**What to produce:**
All lines from the one that contains "RF - Honey Badger" through the close of the entries below are to be repeated exactly, without any pictures.

┌─ Listed records

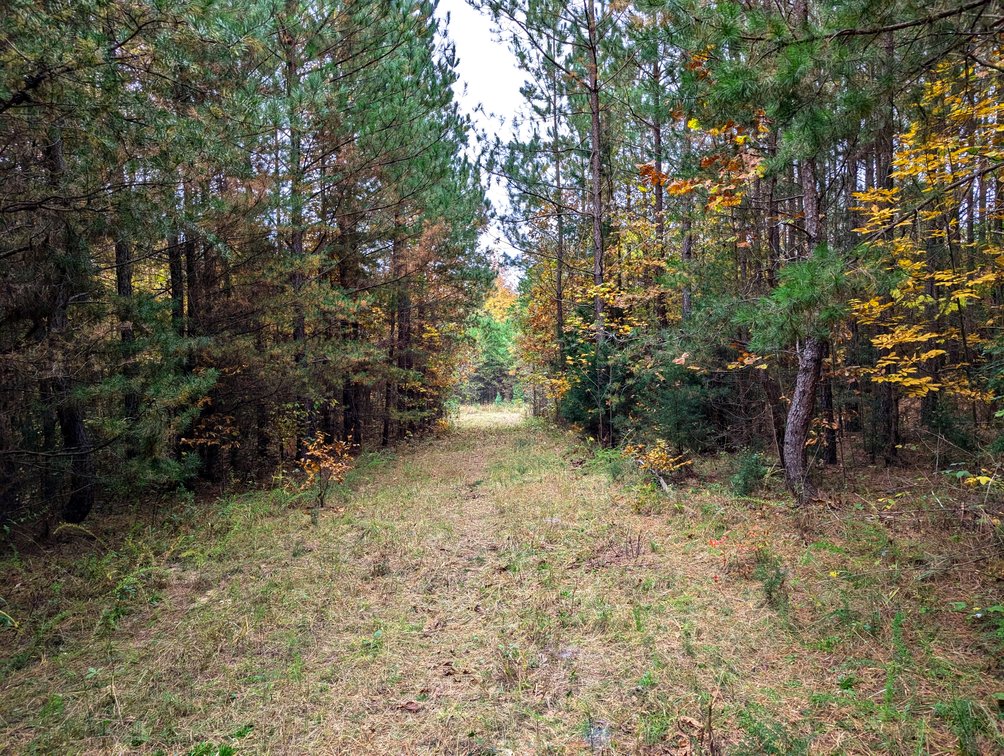 Image for Three Tracts of Land - Halifax County VA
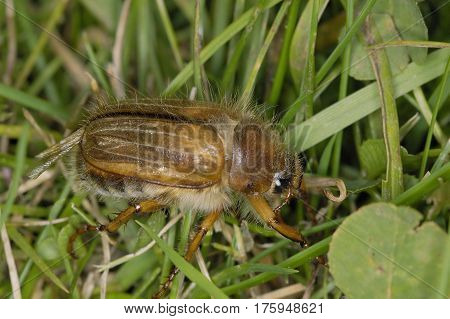 Summer Chafer - Amphimallon solstitialis
Beetle in grass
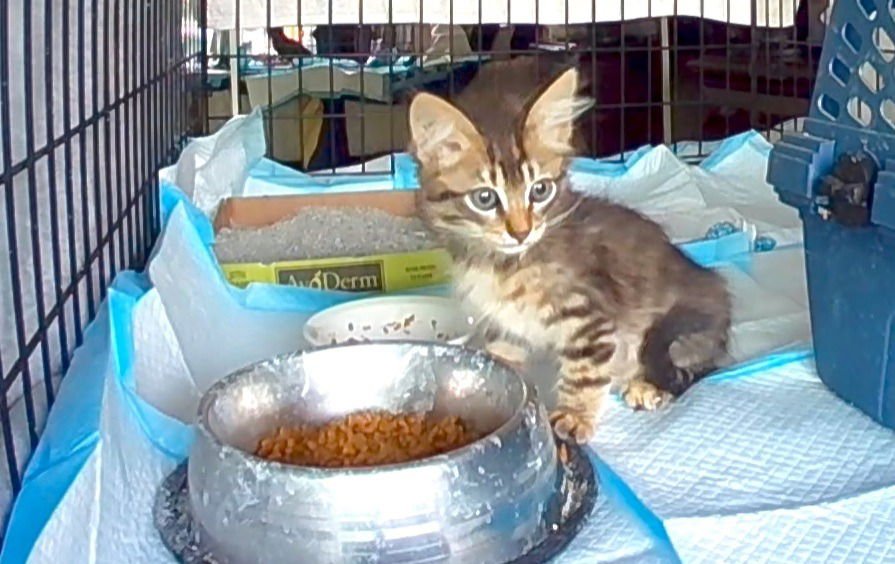 Stewart-Foster or Adopt Me - Photo 3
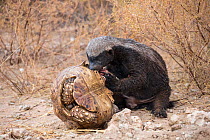 RF - Honey Badger or ratel (Mellivora capensis) eating leopard tortoise (Geochelone pardalis), Kgalagadi Transfrontier Park, Northern Cape, South Africa, January. (This image may be licensed either as...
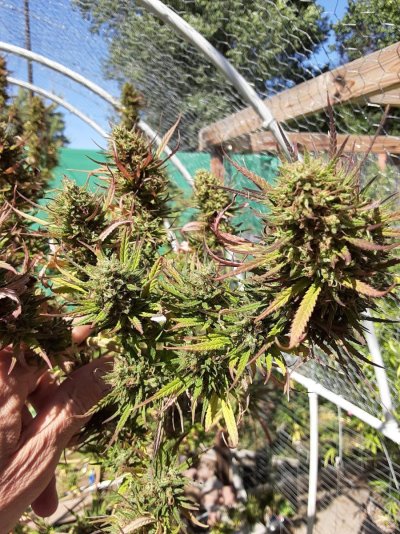 growing-outside-in-colorado-mountains-cola-happy-15.jpg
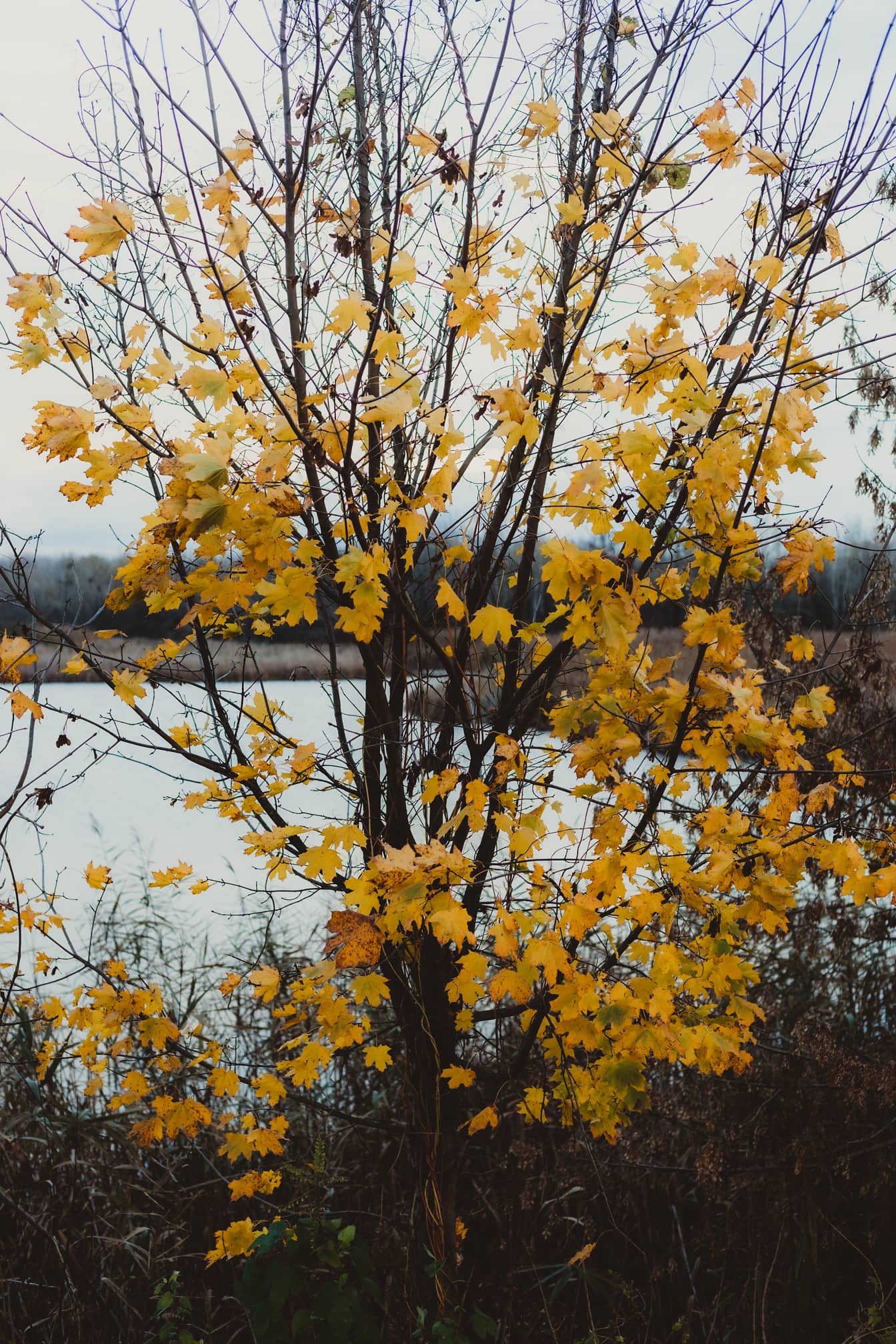 Foglie marrone giallastre sui rami degli alberi nella stagione autunnale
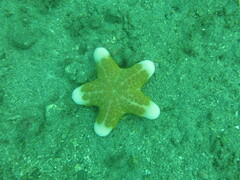 Choriaster granulatus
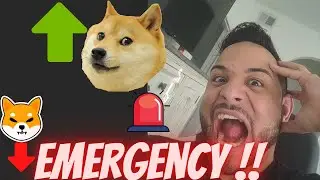 Shiba Dropping = Dogecoin Explosion???!
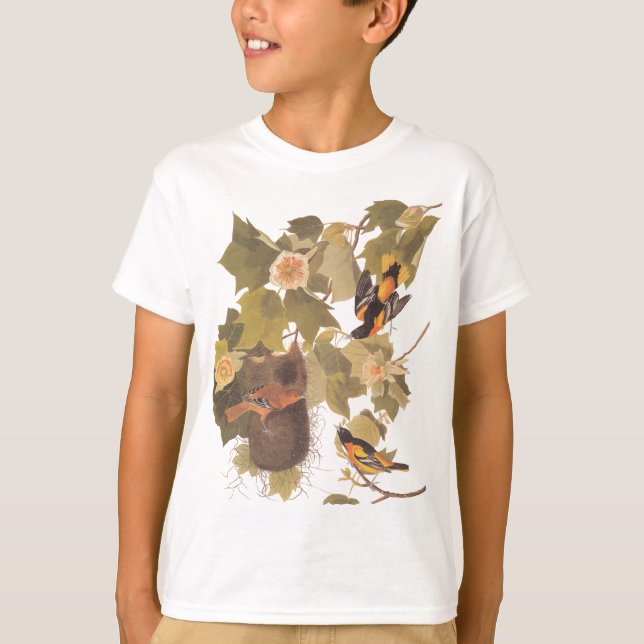 Audubon's Baltimore Oriole Trio T-Shirt (Front)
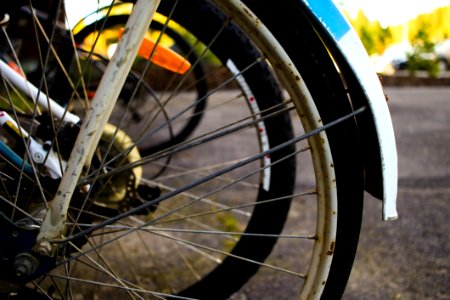 Bicycle Wheel Spoke Wheel Bicycle photo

└─

**Task solution:**
 RF - Honey Badger or ratel (Mellivora capensis) eating leopard tortoise (Geochelone pardalis), Kgalagadi Transfrontier Park, Northern Cape, South Africa, January. (This image may be licensed either as...
 growing-outside-in-colorado-mountains-cola-happy-15.jpg
 Foglie marrone giallastre sui rami degli alberi nella stagione autunnale
 Choriaster granulatus
 Shiba Dropping = Dogecoin Explosion???!
 Audubon's Baltimore Oriole Trio T-Shirt (Front)
 Bicycle Wheel Spoke Wheel Bicycle photo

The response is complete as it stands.